LoadBalancer has access to the public network and Kubernetes internal network, and on L7 it routes traffic for the Ingress controller.
apiVersion: v1
kind: Service
metadata:
labels:
run: haproxy-ingress
name: haproxy-ingress
namespace: test
spec:
type: LoadBalancer
ports:
- name: http
port: 80
protocol: TCP
targetPort: 80
- name: https
port: 443
protocol: TCP
targetPort: 443
- name: stat
port: 1936
protocol: TCP
targetPort: 1936
selector:
run: haproxy-ingress
Let's apply all the HAProxy manifests.
$ kubectl apply -f haproxy-configmap.yml -f haproxy-deployment.yml -f haproxy-service.yml
configmap "haproxy-configmap" created
deployment "haproxy-ingress" created
service "haproxy-ingress" created
When all resources are running, specify the LoadBalancer endpoint.

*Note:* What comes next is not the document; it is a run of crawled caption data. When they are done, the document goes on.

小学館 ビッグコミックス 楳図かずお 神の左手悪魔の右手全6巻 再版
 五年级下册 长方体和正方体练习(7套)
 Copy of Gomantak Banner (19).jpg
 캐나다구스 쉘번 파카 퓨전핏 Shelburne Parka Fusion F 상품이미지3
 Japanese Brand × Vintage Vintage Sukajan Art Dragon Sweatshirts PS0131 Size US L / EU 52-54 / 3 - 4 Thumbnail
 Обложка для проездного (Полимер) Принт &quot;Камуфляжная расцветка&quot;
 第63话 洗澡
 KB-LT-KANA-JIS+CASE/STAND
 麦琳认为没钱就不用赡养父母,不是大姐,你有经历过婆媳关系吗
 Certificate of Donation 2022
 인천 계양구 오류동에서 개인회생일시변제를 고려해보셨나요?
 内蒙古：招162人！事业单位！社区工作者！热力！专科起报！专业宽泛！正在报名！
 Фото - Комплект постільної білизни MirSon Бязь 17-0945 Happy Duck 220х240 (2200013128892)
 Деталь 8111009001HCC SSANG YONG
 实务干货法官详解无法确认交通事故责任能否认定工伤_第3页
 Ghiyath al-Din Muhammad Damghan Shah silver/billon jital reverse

$ kubectl -n test get svc haproxy-ingress -o wide
NAMETYPECLUSTER-IP EXTERNAL-IP PORT(S) AGE SELECTOR
haproxy-ingress LoadBalancer 100.67.194.186 a694abcdefghi11e8bc3b0af2eb5c5d8-806901662.us-east-1.elb.amazonaws.com 80:31788/TCP,443:32274/TCP,1936:32157/TCP 2m run=ingress
DNS mapping to application URL
Once we specify the ELB endpoint for the Ingress service, we need to match the DNS service and the request URL (for example test-rails-app.com
).
Implementing Ingress
The most difficult thing behind is time to configure Ingress and rules based on the Path.
We need the following rules.
Requests to https://test-rails-app.com will be processed by the service test-production-web
.
Requests to https://test-rails-app.com/websocket will be processed by the service test-production-websocket
.
Requests to https://test-rails-app.com/api will be processed by the service test-production-api
.
Let's create an Ingress manifest with all these rules.
---
apiVersion: extensions/v1beta1
kind: Ingress
metadata:
name: ingress
namespace: test
spec:
tls:
- hosts:
- test-rails-app.com
secretName: tls-certificate
rules:
- host: test-rails-app.com
http:
paths:
- path: /
backend:
serviceName: test-production-web
servicePort: 80
- path: /api
backend:
serviceName: test-production-api
servicePort: 80
- path: /websocket
backend:
serviceName: test-production-websocket
servicePort: 80
In case of configuration changes, we have annotations for Ingress resources .
As expected, by default our traffic is /
routed to the service test-production-web
, /api
- at test-production-api
, and /websocket
- at test-production-websocket
.
We needed Path-based routing and SSL termination on L7 at Kubernetes, and the implementation of Ingress solved this problem.